WHAT THE EXERCISE ASKS:
From the listing below, copy every line with the word "Prestige".

[Opening SUPPLIED ENTRIES section]

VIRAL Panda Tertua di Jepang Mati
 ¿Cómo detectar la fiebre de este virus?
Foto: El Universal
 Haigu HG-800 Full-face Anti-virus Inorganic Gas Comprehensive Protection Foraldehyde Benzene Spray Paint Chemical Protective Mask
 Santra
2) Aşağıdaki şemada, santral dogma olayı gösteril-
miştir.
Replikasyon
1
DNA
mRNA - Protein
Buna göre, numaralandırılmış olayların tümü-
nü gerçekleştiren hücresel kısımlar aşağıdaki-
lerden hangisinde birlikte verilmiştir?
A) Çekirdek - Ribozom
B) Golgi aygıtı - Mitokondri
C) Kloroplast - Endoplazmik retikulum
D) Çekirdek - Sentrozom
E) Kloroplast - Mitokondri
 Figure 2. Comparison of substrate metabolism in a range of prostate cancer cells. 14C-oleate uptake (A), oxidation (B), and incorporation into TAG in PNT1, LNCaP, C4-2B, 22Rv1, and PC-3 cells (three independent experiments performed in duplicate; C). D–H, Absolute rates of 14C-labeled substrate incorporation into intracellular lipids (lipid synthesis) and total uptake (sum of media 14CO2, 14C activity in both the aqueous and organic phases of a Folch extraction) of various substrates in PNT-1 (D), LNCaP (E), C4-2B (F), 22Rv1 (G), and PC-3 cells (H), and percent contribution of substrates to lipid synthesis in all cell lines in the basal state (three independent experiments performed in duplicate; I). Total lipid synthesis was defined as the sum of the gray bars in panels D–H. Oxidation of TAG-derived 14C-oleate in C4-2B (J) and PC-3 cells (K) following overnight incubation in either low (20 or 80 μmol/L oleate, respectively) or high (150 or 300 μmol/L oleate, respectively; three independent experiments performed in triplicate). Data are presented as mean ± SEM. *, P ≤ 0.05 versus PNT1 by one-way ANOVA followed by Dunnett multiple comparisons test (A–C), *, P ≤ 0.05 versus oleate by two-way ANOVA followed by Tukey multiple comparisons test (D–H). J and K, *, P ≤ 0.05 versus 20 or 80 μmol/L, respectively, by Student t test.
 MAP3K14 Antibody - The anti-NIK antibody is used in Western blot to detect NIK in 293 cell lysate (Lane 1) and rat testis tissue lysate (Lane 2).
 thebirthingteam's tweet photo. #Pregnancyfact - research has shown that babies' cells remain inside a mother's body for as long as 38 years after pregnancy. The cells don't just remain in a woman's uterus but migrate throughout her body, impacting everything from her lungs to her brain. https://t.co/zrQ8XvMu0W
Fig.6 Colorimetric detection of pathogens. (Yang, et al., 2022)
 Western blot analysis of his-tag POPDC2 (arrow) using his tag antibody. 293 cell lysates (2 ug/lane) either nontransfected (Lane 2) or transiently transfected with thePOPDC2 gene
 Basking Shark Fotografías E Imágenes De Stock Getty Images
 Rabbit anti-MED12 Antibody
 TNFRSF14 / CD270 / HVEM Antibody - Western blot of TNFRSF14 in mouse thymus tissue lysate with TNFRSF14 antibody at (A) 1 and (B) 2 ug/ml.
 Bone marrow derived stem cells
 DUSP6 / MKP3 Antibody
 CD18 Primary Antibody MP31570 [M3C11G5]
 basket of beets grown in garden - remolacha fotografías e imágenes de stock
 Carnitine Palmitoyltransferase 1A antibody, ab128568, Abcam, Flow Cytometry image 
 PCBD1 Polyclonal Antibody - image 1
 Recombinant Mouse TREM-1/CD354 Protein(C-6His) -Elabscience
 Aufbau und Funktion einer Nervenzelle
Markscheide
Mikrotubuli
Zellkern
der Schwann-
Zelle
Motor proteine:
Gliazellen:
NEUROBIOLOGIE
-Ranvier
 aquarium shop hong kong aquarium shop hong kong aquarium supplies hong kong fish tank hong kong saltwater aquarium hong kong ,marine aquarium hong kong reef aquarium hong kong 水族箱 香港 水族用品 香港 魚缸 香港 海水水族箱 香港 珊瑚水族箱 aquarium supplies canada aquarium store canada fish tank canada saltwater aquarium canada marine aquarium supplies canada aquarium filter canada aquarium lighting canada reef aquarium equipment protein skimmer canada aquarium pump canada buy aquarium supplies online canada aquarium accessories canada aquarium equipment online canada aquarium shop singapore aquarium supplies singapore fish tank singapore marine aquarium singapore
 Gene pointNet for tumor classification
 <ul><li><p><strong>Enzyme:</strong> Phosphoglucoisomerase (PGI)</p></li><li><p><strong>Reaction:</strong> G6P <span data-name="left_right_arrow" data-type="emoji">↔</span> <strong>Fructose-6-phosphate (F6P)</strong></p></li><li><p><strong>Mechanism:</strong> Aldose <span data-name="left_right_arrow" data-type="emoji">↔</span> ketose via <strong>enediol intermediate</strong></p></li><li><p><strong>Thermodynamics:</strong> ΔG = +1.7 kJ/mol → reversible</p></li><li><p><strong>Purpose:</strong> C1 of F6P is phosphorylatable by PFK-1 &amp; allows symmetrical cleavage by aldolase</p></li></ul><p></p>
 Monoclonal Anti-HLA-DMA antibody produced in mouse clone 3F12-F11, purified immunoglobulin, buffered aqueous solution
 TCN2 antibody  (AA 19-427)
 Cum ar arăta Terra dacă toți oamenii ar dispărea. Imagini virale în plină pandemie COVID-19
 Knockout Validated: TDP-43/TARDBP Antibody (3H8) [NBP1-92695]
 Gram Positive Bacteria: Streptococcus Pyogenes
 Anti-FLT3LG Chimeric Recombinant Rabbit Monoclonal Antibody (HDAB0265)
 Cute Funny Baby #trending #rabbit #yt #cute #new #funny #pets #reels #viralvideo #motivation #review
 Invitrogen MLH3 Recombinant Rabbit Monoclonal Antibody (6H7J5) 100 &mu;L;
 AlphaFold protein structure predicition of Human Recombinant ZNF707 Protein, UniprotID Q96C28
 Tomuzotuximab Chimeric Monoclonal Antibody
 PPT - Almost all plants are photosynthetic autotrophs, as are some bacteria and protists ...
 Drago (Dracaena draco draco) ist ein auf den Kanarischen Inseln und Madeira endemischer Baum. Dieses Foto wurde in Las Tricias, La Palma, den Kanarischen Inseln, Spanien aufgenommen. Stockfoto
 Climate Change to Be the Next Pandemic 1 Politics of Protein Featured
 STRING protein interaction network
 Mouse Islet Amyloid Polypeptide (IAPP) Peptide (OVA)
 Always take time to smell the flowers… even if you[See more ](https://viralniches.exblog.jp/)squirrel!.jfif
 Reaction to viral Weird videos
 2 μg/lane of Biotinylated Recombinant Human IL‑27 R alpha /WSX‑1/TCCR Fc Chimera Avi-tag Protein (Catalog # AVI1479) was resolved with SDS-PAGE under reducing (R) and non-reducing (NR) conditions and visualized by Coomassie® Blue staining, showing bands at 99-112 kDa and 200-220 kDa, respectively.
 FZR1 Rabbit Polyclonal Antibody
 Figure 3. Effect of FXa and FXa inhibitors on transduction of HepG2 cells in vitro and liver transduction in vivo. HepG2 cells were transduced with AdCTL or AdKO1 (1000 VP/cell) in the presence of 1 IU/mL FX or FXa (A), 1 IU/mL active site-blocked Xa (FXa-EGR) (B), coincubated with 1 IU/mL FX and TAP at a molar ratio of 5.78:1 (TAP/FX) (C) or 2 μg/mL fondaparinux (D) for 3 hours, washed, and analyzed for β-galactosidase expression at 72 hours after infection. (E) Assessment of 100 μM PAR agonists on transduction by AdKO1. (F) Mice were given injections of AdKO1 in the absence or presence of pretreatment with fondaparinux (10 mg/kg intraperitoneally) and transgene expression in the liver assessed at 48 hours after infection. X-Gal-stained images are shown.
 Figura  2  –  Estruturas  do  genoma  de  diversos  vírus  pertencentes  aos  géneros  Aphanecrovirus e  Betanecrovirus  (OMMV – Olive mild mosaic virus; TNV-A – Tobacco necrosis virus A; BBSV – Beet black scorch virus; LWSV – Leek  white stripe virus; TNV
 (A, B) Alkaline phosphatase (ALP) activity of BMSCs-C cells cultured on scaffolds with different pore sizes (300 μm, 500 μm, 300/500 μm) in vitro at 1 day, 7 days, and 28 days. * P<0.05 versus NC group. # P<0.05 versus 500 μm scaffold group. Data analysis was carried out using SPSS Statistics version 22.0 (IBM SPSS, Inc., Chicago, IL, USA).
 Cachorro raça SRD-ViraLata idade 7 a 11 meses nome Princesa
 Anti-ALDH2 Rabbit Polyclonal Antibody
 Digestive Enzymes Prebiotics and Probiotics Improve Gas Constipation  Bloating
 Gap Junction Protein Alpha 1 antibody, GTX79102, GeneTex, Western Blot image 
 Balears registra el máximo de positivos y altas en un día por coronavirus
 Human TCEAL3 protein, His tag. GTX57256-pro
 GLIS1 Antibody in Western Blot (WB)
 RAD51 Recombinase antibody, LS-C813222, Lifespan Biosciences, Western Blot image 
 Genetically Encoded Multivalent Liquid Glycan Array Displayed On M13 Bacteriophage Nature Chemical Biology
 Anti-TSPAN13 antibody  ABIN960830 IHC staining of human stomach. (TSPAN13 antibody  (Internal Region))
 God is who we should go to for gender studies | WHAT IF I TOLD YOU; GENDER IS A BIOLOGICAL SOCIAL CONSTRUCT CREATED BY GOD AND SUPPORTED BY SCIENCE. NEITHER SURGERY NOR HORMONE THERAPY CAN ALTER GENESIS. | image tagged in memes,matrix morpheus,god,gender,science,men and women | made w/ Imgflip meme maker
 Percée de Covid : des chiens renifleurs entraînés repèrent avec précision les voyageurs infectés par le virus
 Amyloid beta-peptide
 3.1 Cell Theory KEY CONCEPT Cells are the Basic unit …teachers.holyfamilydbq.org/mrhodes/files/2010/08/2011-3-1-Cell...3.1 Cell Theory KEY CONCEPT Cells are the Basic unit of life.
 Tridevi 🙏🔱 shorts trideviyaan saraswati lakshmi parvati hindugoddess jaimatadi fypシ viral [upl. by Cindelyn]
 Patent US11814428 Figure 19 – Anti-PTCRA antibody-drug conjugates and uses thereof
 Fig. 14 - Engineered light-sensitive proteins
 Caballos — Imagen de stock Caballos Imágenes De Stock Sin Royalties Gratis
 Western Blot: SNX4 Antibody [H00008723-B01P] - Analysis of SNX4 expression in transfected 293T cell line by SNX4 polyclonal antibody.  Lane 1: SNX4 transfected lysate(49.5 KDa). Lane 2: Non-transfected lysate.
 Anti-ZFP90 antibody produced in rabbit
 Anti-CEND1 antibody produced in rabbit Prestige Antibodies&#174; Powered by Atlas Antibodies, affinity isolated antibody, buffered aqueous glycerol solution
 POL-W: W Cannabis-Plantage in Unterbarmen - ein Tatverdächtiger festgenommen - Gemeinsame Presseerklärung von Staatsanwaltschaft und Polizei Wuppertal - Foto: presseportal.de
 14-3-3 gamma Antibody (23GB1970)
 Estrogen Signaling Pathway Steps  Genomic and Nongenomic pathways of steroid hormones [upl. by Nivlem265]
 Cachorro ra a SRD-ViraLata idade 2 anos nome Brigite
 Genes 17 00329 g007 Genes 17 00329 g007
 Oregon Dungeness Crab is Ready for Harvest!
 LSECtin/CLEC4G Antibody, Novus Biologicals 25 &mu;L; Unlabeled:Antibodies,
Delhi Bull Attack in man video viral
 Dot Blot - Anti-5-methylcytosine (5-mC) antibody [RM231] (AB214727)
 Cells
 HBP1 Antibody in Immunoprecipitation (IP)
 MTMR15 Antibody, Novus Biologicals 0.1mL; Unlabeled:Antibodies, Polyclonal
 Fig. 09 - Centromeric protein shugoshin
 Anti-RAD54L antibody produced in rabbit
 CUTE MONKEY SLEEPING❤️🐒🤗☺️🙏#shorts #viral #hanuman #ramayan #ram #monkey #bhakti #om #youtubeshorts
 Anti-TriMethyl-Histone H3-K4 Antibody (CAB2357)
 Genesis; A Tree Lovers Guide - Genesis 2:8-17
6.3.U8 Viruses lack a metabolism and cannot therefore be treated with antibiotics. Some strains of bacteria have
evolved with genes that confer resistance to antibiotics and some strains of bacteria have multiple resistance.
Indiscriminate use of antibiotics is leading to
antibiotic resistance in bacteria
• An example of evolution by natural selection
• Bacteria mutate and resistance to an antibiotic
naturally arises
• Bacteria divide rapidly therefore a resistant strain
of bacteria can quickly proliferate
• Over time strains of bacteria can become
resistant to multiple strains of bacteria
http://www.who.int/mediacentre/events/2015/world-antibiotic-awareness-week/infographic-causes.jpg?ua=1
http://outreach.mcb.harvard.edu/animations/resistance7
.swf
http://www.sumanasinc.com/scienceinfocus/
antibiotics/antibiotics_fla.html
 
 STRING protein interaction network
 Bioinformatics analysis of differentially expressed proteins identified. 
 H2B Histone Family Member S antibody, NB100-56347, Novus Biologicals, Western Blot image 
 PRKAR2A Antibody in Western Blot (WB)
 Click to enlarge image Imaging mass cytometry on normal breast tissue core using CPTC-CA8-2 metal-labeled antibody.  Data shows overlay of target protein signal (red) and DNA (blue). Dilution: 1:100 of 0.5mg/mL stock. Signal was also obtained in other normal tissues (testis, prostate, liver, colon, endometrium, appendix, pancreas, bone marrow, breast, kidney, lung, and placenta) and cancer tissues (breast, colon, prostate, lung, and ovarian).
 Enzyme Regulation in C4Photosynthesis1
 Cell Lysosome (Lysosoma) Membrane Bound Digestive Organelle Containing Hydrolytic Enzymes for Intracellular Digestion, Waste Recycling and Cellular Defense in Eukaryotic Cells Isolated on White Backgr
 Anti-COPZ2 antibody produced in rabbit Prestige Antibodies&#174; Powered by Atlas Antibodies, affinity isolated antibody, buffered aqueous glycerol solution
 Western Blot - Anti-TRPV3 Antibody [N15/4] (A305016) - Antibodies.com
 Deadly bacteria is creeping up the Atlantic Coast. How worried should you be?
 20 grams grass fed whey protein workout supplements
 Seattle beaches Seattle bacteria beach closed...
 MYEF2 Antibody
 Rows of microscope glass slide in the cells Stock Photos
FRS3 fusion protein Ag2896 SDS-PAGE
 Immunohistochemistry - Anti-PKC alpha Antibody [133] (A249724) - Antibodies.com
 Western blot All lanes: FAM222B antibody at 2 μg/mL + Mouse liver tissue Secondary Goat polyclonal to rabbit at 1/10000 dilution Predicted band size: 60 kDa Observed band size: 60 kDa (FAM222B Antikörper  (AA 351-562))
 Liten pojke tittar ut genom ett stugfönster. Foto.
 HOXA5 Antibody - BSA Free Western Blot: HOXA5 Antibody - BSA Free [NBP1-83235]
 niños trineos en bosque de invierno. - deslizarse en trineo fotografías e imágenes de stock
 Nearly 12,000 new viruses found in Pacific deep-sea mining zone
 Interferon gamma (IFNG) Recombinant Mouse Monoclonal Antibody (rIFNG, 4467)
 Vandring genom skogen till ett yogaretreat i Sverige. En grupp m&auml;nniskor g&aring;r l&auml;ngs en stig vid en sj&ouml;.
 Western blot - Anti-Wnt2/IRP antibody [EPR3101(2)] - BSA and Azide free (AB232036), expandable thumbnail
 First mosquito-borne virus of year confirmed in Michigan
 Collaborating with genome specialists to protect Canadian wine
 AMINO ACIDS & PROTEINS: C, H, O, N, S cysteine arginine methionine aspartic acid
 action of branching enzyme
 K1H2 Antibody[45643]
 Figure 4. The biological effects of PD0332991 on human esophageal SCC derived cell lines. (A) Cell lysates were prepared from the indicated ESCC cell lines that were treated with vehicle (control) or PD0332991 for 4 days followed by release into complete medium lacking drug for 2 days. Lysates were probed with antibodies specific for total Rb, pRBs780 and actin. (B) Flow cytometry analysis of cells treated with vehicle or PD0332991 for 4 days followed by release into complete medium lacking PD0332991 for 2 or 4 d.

[Closing SUPPLIED ENTRIES section]

WRITTEN SOLUTION:
 Anti-CEND1 antibody produced in rabbit Prestige Antibodies&#174; Powered by Atlas Antibodies, affinity isolated antibody, buffered aqueous glycerol solution
 Anti-COPZ2 antibody produced in rabbit Prestige Antibodies&#174; Powered by Atlas Antibodies, affinity isolated antibody, buffered aqueous glycerol solution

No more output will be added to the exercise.